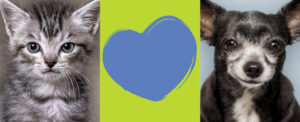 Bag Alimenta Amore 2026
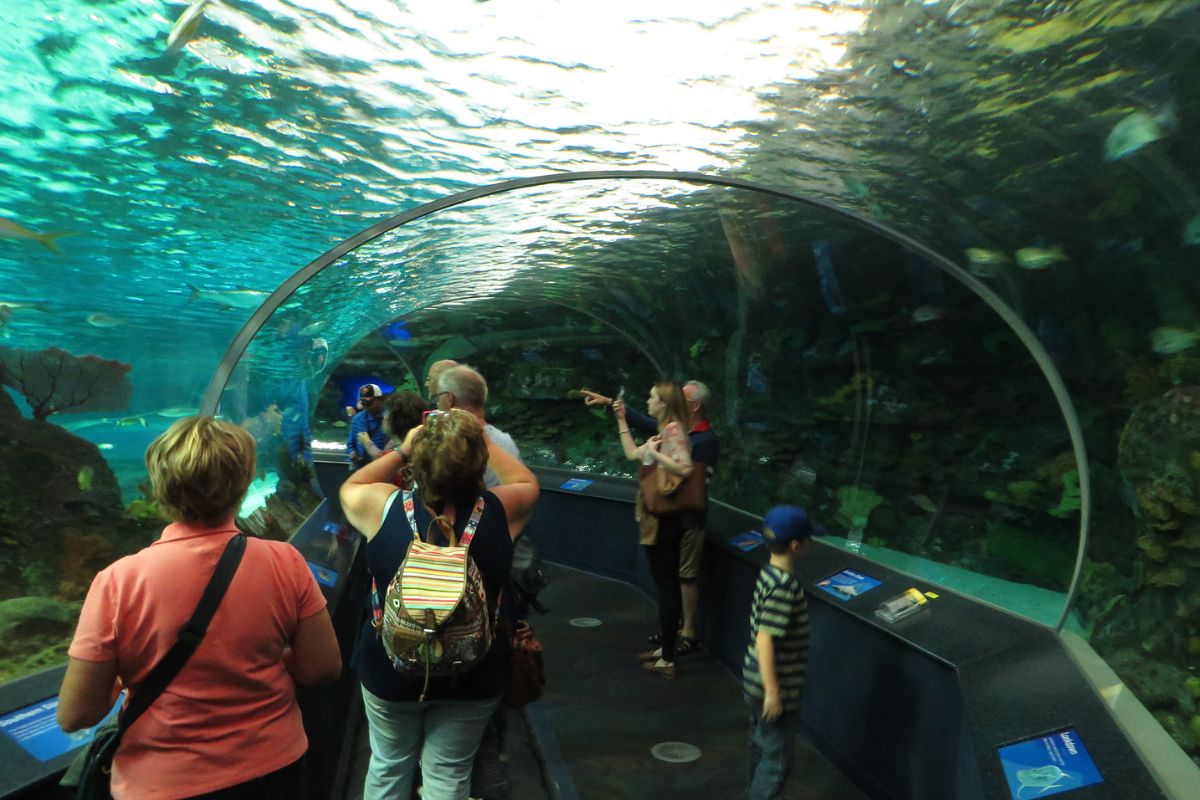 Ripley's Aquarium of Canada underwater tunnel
+++++
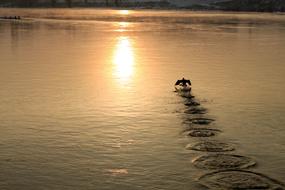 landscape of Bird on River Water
+++++
=== DIRECTIONS ===
In the data above, find the line with "Bag Alimenta Amore 2026" and the line with "Ripley's Aquarium of". Please copy exactly those two lines and every line between them, but not the pictures.

=== EXERCISE ANSWER ===
 Bag Alimenta Amore 2026
 Ripley's Aquarium of Canada underwater tunnel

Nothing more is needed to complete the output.